Today the unemployment rate is 30 percent. And critics claim some of its population of 90, 000 has grown increasingly religious and intolerant towards non-Muslims.
But the big concern is how did it get to this point? Why are some of the 500 Belgian jihadists who left for Syria either from Molenbeek or had spent time there?
Thierry Limpens is a teacher. He wasalso head of the first Muslim school in Molenbeek. He says 40 percent of the city’s population is under the age of eighteen.
“What I’ve sensed over the past 20 years is that young people from the district, when they’re in schools and when there’s a global problem, such as, Palestine and Israel, then they’re affected. They’re injured, they’re affected. That’s one thing. And then they feel exposed and there’s stigma, and they come to school in an agitated state. We’re talking about a young generation brought up with the internet in their rooms and there it is – they start to become radicalised in Molenbeek – but they’re not really in Molenbeek – they live in their head and they’re already in Syria and they watch propaganda videos and imagine themselves in Syria . They believe in it and you know what propaganda is always beautiful. You only show the good side”.
Younes Delefortrie spent time in Molenbeek but he’s from Antwerp. He went to Syria in 2013 and was arrested when he came back six weeks later. The former member of Sharia4Belgium was given a three year suspended jail sentence.

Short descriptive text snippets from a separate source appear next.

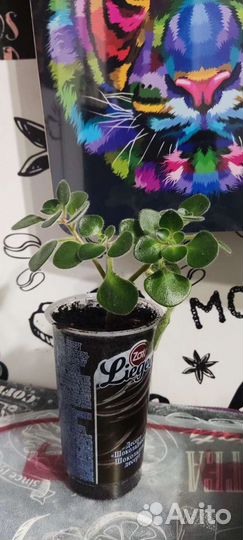 Аихризон дерево любви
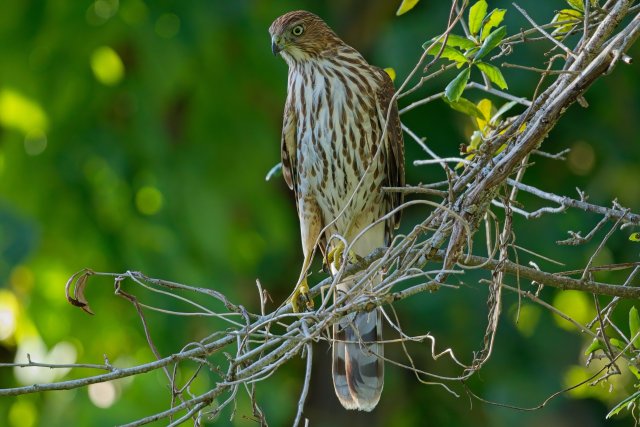 A Fiery Gaze in Rotary Park: Observing the Cooper's Hawk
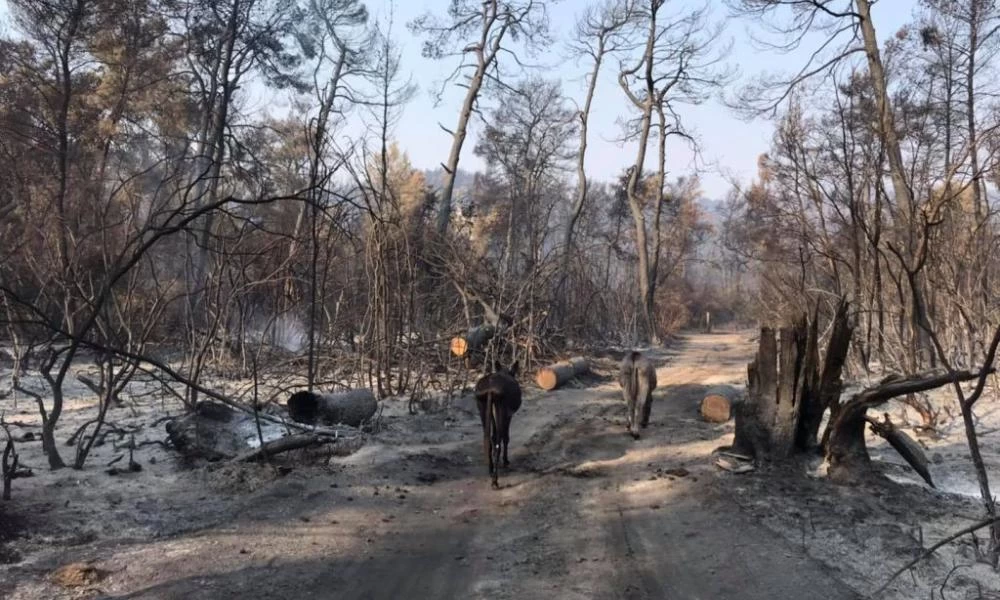 Φωτιές: Η κυβερνητική αξιολόγηση και τα μηνύματα που επιθυμεί να στείλει ο πρωθυπουργός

Sharia4Belgium’s leader had been accused of radicalising young Belgians and sending them to Syria.
Delefortrie has written a book about his life as a jihadist.

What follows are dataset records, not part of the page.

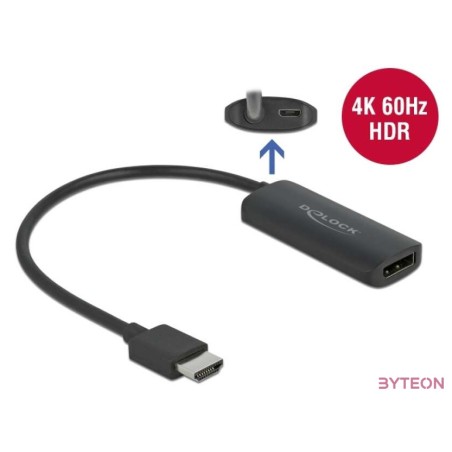 DeLOCK 63206 video átalakító kábel 0,24 M HDMI A-típus (Standard) Fekete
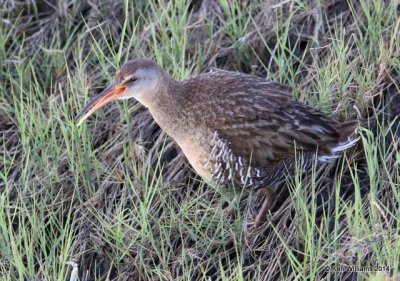 Clapper Rail - Gulf Coast adult, Port Lavaca, TX, 4-19-14, Jp_008406.jpg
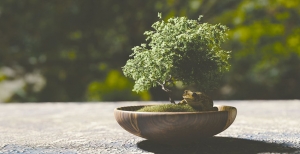 Bonsai - Coltivazione e cura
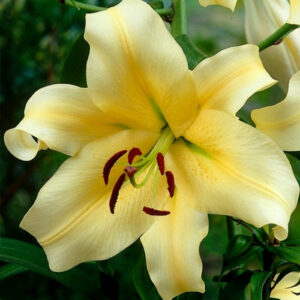 Lilium Honeymoon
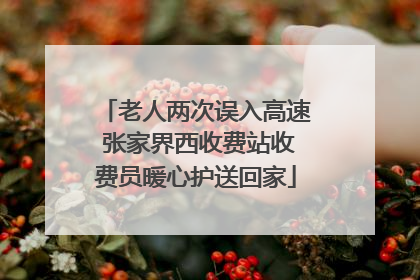 老人两次误入高速 张家界西收费站收费员暖心护送回家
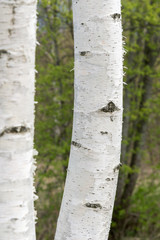 Birch trunks.
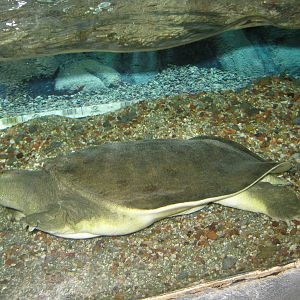 softshell turtle (Trionyx sp.)
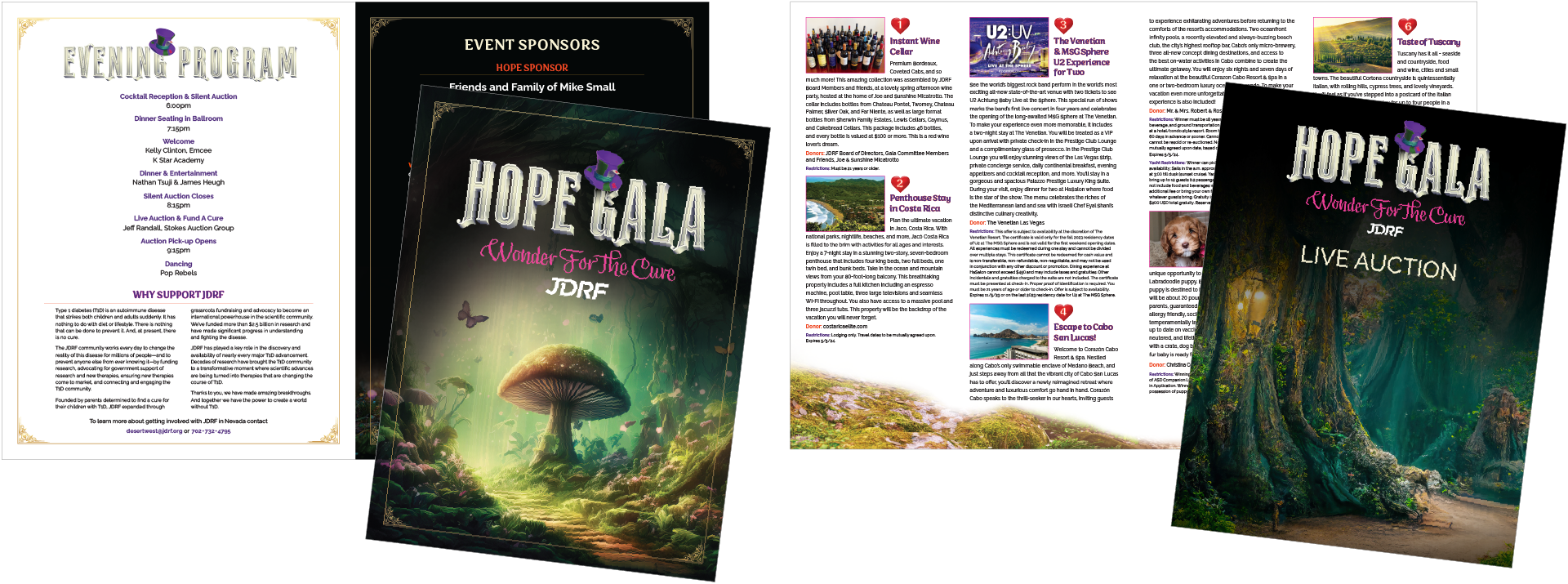 Event program and live auction items booklets.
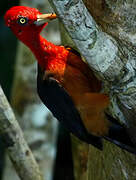 Red-necked Woodpecker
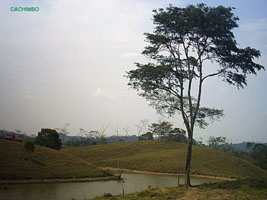 Uxpanapa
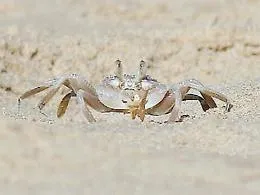 Menfi, filmato il "granchio fantasma"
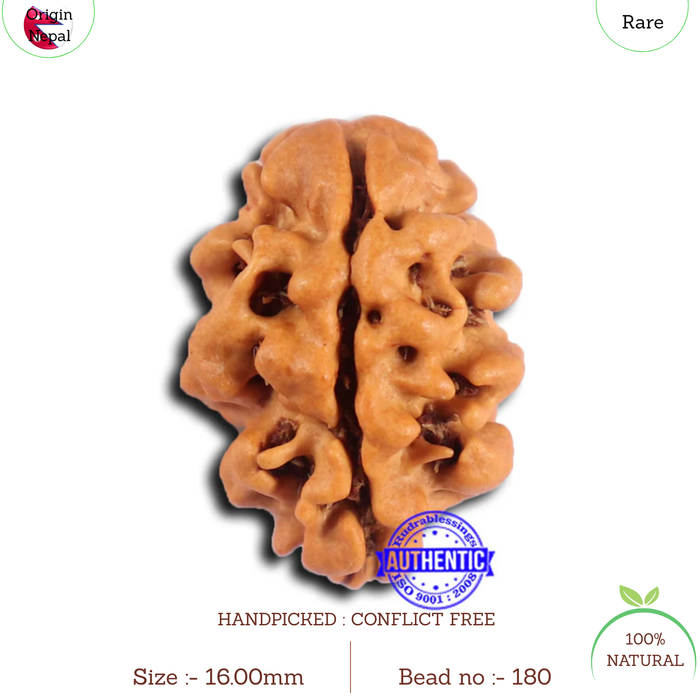 2 Mukhi Rudraksha from Nepal - Bead No. 180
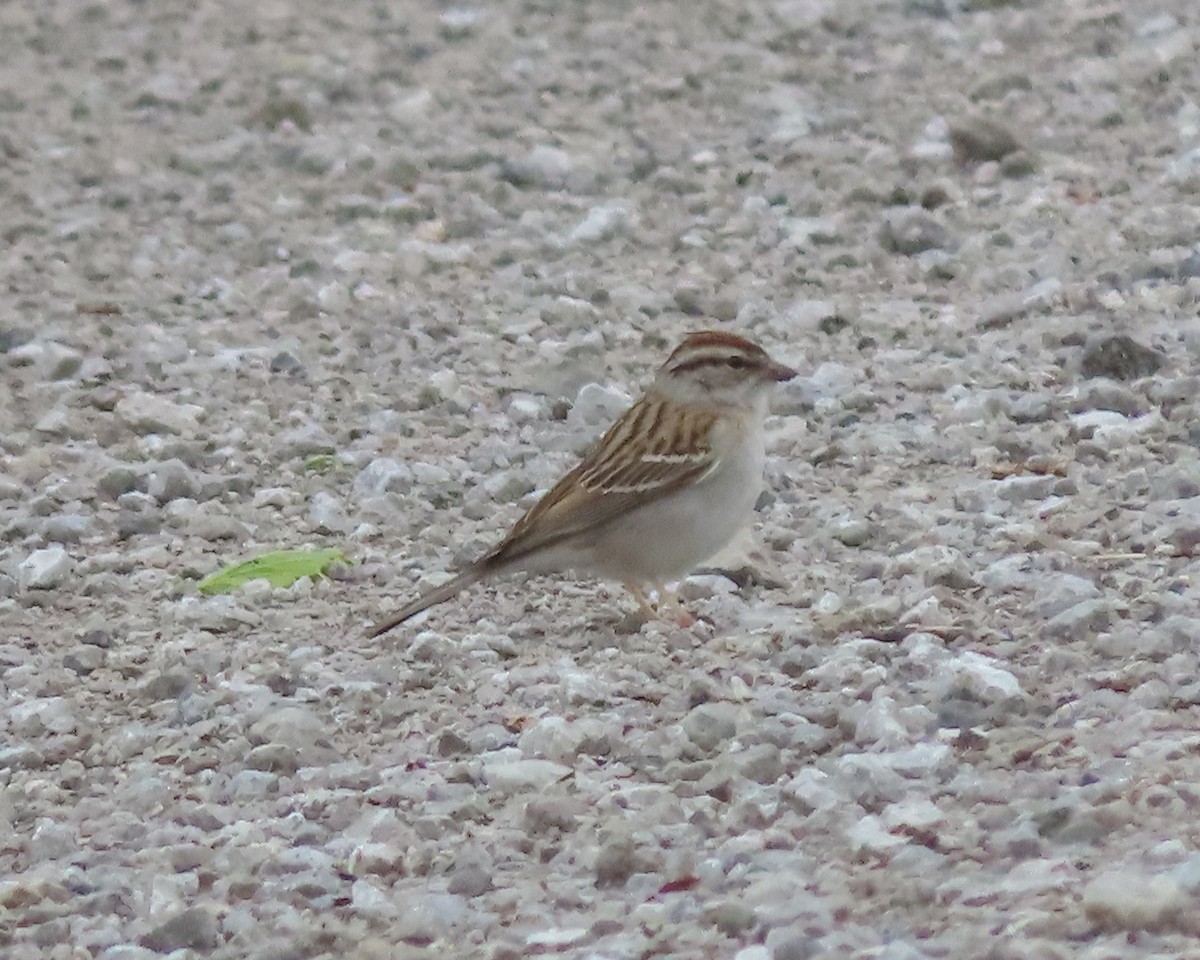 Chipping Sparrow - ML619751016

“I will say what I say to everybody: I am not responsible for the acts of others . I am not responsible for spilled blood everywhere in the world. Those guys who came here to attack what they say in the media are innocent people, they came here with a reason, a reason why. And reason why is that they are attacking people in the Islamic world, in Syria, Iraq, Mali, whatever country France for the moment is putting its hands and its guns in. They came here for revenge. Is it a good thing? I don’t say it’s a good thing because as I say, spilled blood is spilled blood, but we have to understand that it did not just happen because. It happened for a reason.”
Imams in Belgium preach the tolerance of Islam, but Cheick Abdelhadi Sewif from Brussel’s Grand Mosque, says in a digital world, some Muslims are not listening to him and other moderate Muslims.
“I’ve been to Molenbeek, and I’ve visited several mosques in Molenbeek, and I preached a few times Molembeek, advising young people there and in other cities to maintain the moderate and tolerant Islam. But there are exceptions. There are people, above all, they were not informed by officially recognised religious institutions, and this is a point that everyone should take on board. They’re informed by websites. They don’t take my advice or guidance from others because to them they are poisonous ideas because I, to him, I’m not Muslim. Because I, in his eyes, and all the imams in Belgium we are not Muslims”.
For many Belgiums both within and outside the Muslim community, peeling back the layers of reasons as to why their country has produced or harboured so many of Europe’s jihadists will take a long time.
Although today, Michael Younes Delefortrie lost his job as a baker because, he believes, of the negative attention he was drawing, Deleforterie has no regrets about going to Syria.
“ First of all, I didn’t do anything wrong,” he says. “Maybe I can blame myself only for coming back because I had a life there. Here all I do is give interviews and write a book to try and explain. I try to be happy but it’s not easy because my life is bordered, with a lot of borders.”
For now Younes cannot travel abroad. But how to deal with him and others who have returned from Syria will remain a key challenge not only for Belgium but for all of Europe.